Nova Southeastern is no longer under the radar in Crutchfield’s third year at the helm – not in the least. The Sharks enter the campaign ranked No. 2 nationally by the prestigious Street & Smith magazine.
Last year’s on-court success has yielded dividends when it comes to Nova recruiting.
“We had a great season and we were playing our best basketball going into the regionals to get the national tournament. That success has definitely affected our recruiting,” Crutchfield said. “We are getting into doors with players that we were never able to get into before. You never know about your freshmen until the season starts, but I feel I have never had more talent in a freshman class than I do now. The success we had last year all factored into them coming to Nova.”
“The (No. 2) rating is only preseason, and I do not know accurate that is. But I feel good about my team and I think we are as strong as since I have been here,” he added. “But we haven’t played yet. But the program has improved from top to bottom. I am proud of the ranking.”
While Crutchfield now calls Fort Lauderdale his coaching home, he still is a Marshall Countian at heart.
“I always love coming home. I spend my summers here. This is my home,” Crutchfield offered. “This is where I feel more comfortable.
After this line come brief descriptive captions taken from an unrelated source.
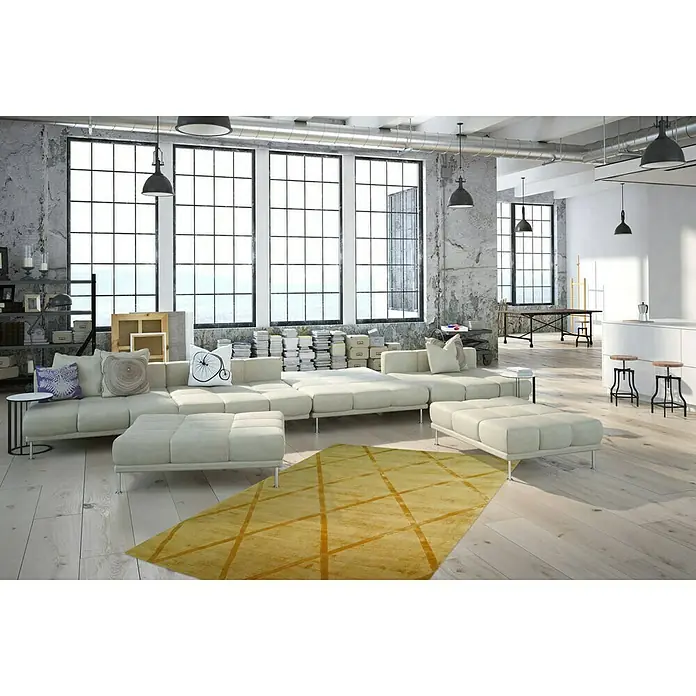 Kayoom Kurzflorteppich Luxury 210 - Gelb, 290 x 200 cm, 100 % Viskose - Ein modernes Wohnzimmer mit einem beigen Ecksofa, Hockern und einem auffälligen gelben Teppich mit geometrischen Mustern.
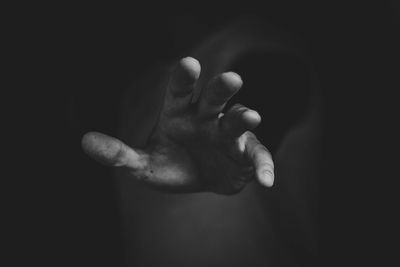 Close-up of a human hand against blurred background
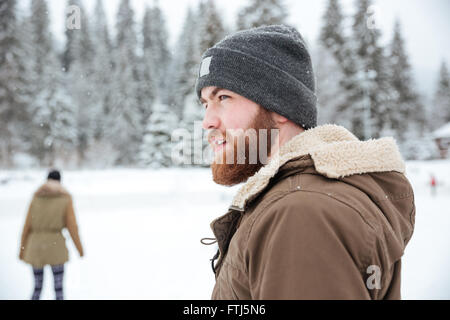 Portrait of a man looking away outdoors with snow on backgorund Stock Photo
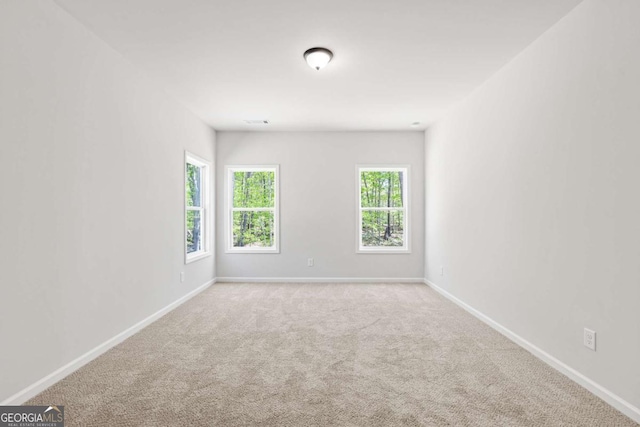 spare room with carpet floors, visible vents, and baseboards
South Florida is great but I don’t feel at home like I do here.”
Crutchfield’s coaching accolades are numerous. Here are just a few:
* Two-time National Coach of the Year (2012, 2013)
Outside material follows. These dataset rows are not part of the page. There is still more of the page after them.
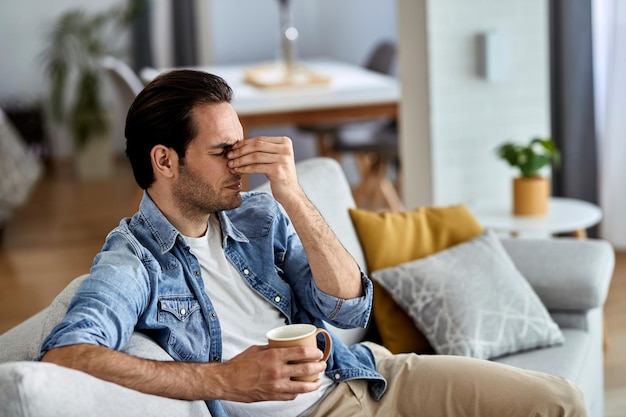 Young man holding his head in pain while sitting on the sofa at home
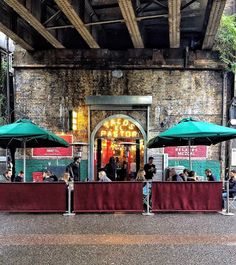 people are sitting at tables under green umbrellas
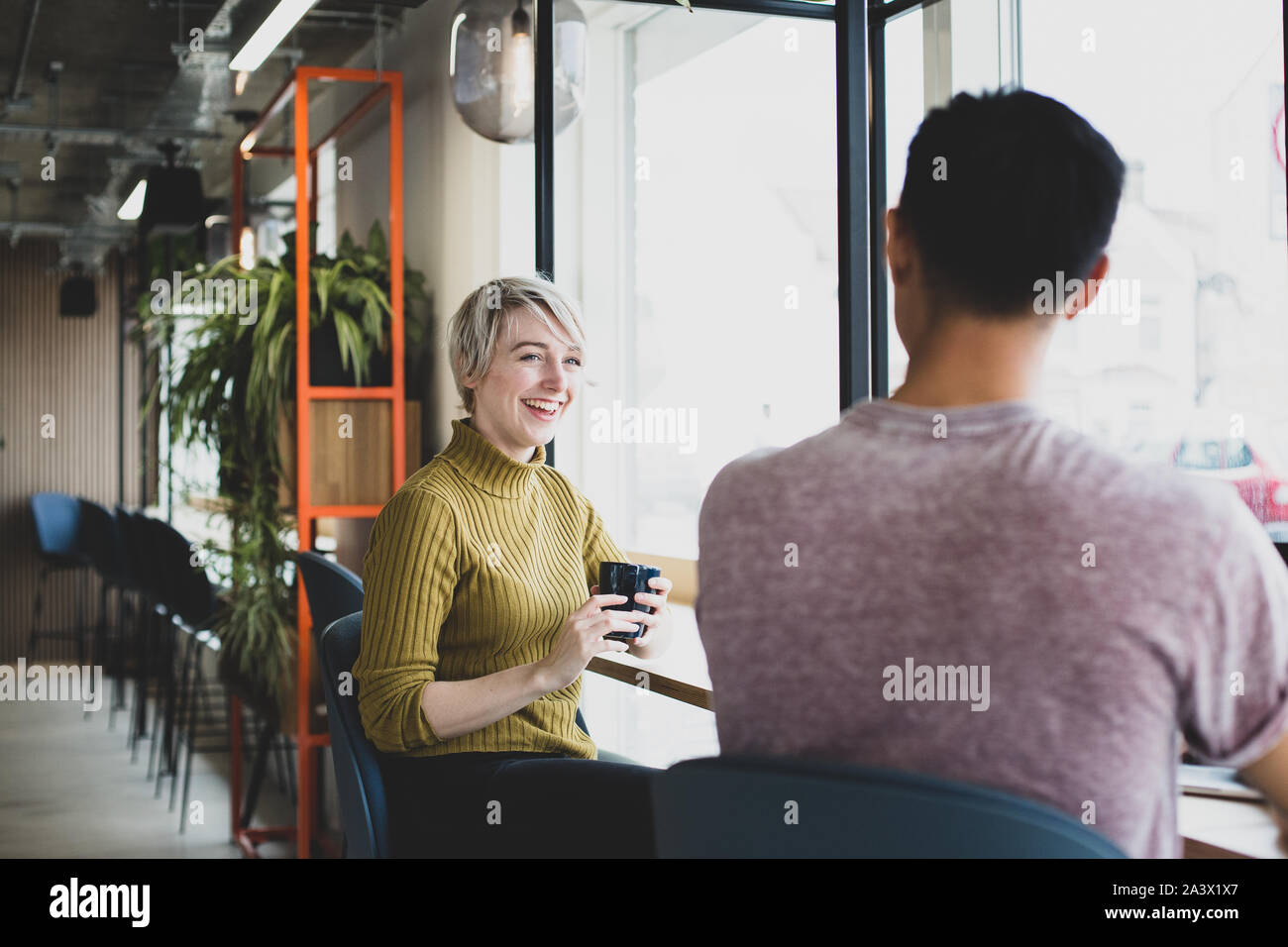 Friends having coffee together in a cafe Stock Photo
* Three-time Atlantic Region Coach of the Year (2011, 2012, 2013)
* Seven-time Conference Coach of the Year (2005, 2010, 2011, 2012, 2013, 2014, 2019)
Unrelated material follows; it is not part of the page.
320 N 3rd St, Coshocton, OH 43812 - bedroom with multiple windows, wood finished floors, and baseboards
* Four-time Furfari Award Winner for top college coach in the state of West Virginia for all sports (2011, 2012, 2013, 2014).
* CollegeInsider.com Top 25 Non-Division I Coaches in the nation (2011)
It’s a safe bet that more awards and honors will be coming his way.
JACK COOK continues to author a tremendous season as the University of Dayton quarterback. He established a school record by tossing six TD passes as the Flyers routed Jacksonville last week. Cook completed 13-of-16 passes for 198 yards while rushing for 30. Cook is the son of Scott and Jen Cook. Scott was a standout hoopster for Shadyside High (1988 grad) while Jen is a St. Clairsville native.
OAKLAND UNIVERSITY (Mi.) assistant athletic director John (Giz) Ciszewski recorded a hole-in-one Monday on the No. 4 hole at Gowanie Country Club in Mount Clemens, Mi. He used a Callaway 4 hybrid to ace the 174-yard par 3. Ciszewski is a 1973 Shadyside High grad and 1977 Bethany College grad. Before going to Oakland University earlier this year, Ciszewski was a longtime front office executive with the Detroit Pistons and Detroit Red Wings. It is Ciszewski’s third career hole-in-one.
I WOULD like to believe the Browns cannot play any worse than they did Monday night against the 49ers. The proof will be in the pudding come today when they host the Seahawks. I like the Brownies to bounce back.
THE STEELERS, meanwhile, are mired in misery due to an epidemic of quarterback injuries and an untimely fumble in overtime against the Ravens.
PADEN CITY High School will be honoring its 1979 state football championship team at the homecoming game on Oct. 25. The Wildcats face Hancock (Md.) that night. Steve Deem, head coach of that title team, will be in attendance for the ceremony. The Wildcats went 12-0-1 that season, beating Bishop Donahue in the state championship game.
ZACH COLLAROS is on the move again in the CFL. The former Steubenville Big Red QB great has been traded from Toronto to Winnipeg. Collaros was acquired by Toronto in July from Saskatchewan in exchange for a conditional fourth round pick. The former University of Cincinnati star is 34-31 as a starter in the CFL with the Argos, Hamilton Tiger-Cats and Saskatchewan Roughriders. Collaros was 10-4 as a starter with Saskatchewan in 2018. He passed for 2,999 yards and nine TDs that season.